JOHANNESBURG, Dec 6 – Africa’s lag in land-based telecoms infrastructure has propelled the continent directly into the mobile age, opening up short-term growth prospects unparalleled in the world.
Sector players have seen growth especially in mobile Internet and banking services, as people use cellphone technology for lack of landlines or cable Internet.
“Africa is the last market to emerge. China’s emerged, India’s emerged. So where else outside Africa need emerging? The growth opportunity is right here,” said Nicolas Regisford, co-founder of Mi-Fone, a South African company that specialises in producing low-cost handsets.
Mobile subscribers in Africa have increased by 20 percent annually over the past five years and will reach over 735 million by the end of 2012, a study by global mobile operators association GSMA found in November.
“Africa is now the world’s second largest mobile market by connections after Asia, and the fastest growing mobile market in the world,” according to the GSMA Africa Mobile Observatory 2011 report.
Industry players are equally excited over the commercial prospects posed by the continent’s one billion people.
“Samsung is expecting revenue within Africa to amount $15 billion, with the SADC region contributing about 25 percent of that figure, by 2015,” said Gavin Clare, the company’s representative in Zimbabwe, referring to the 15-country Southern African Development Community.
This philosophy also drives Mi-Fone, which eyes the immense market of consumers seeking entry-level phones.
“The African person wants a mobile device which will be doing mobile payments and accessing the world wide web. Right now, a lot of people cannot afford the smartphones that are flooding the market,” said Regisford.
Ironically, this lack of traditional infrastructure, telecom and landline services, Internet penetration and broadband access, and banking services drives this growth in Africa, according to mobile systems expert Tomi Ahonen.
“As it happens the global Internet industry believes that the future of Internet is mobile. The global telecom industry believes that the future of the telecom industry is mobile, and the global money industry is starting to believe that the future of money is mobile.”
One case in point is Kenya, already the world’s largest mobile financial services user in relation to its GDP. Almost 18 million Kenyans use their cellphones as a bank account to deposit or transfer money and pay their accounts — contributing 8.0 percent of the GDP.
Several other African countries are following suit.

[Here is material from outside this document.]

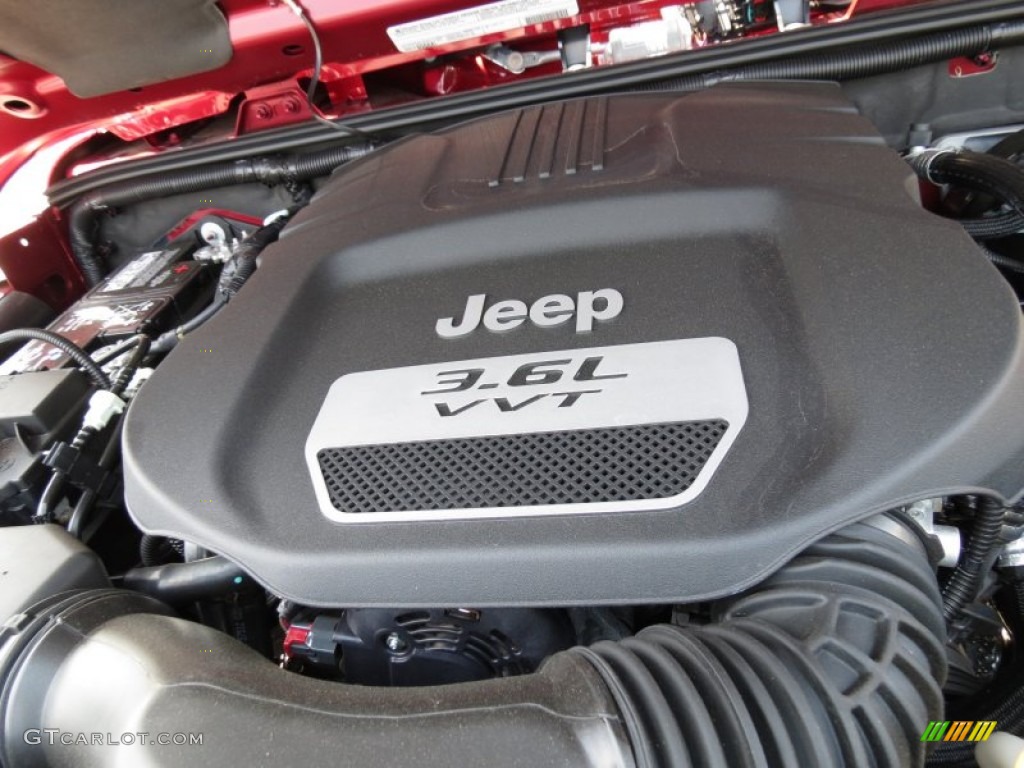 2012 Jeep Wrangler Sahara 4x4 3.6 Liter DOHC 24-Valve VVT Pentastar V6 Engine Photo #65727808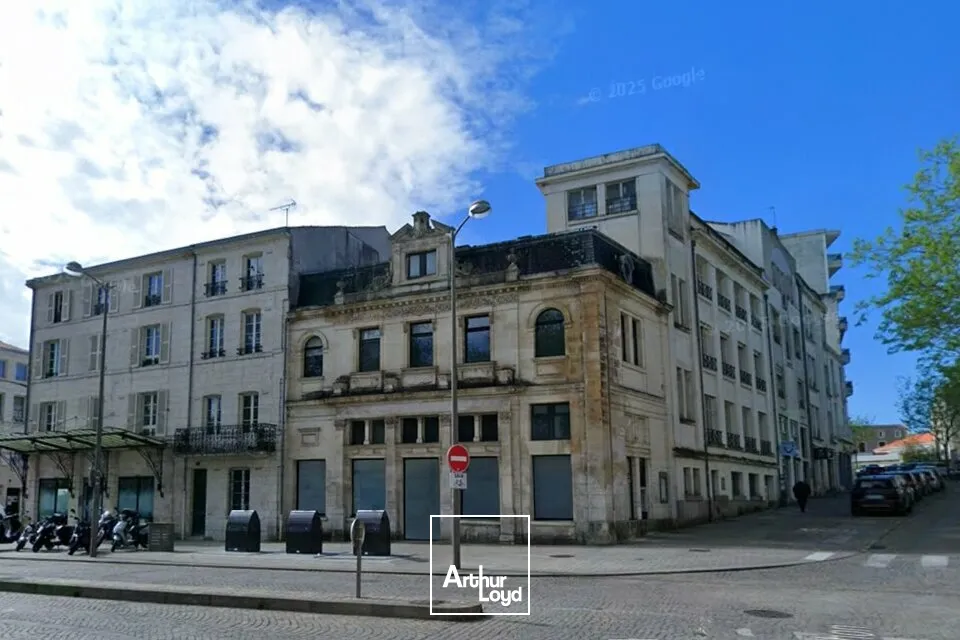 A LOUER PROCHE PARKING LA BRECHE IMMEUBLE EN HYPER CENTRE NIORT BELLE VISIBILITE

The “maturity of the market”, as finaciers call it, is another asset. Applications dominate the mobile world in Europe and the United States, but earn relatively little. On the other hand the mobile business in Africa keeps earning through more conventional services like text messages and voice calls.
“The business model around the basic services on mobile are much more realistic, and robust,” said Ahonen at a workshop in Johannesburg in November.
This cellphone explosion in Africa contributes as much as $56 billion to the region’s economy, or 3.5% of its gross domestic product (GDP), but the indirect effect on growth is perhaps even higher.
“Local development of telecommunication has a direct impact on GDP. This is a professional tool. Many handcrafters or retailers dramatically need to be connected to the world to make business,” said Regisford.
“In developing countries, for every 10 percent increase in mobile penetration there is a 0.81 percentage point increase in a country’s GDP,” the GSMA report found.
All the same a few barriers, like taxes on cellphones, hamper this growth, which could rob governments of more revenues if mobile phone penetration increased.
In Kenya tax revenues from mobile operators jumped a third in 2011 from 2009, when taxes were reduced on handsets.
“The Kenyan government’s abolition of the 16 percent general sales tax on mobile handsets in 2009 has resulted in handset purchases increasing by more than 200 percent,” accoroding to the GSMA report.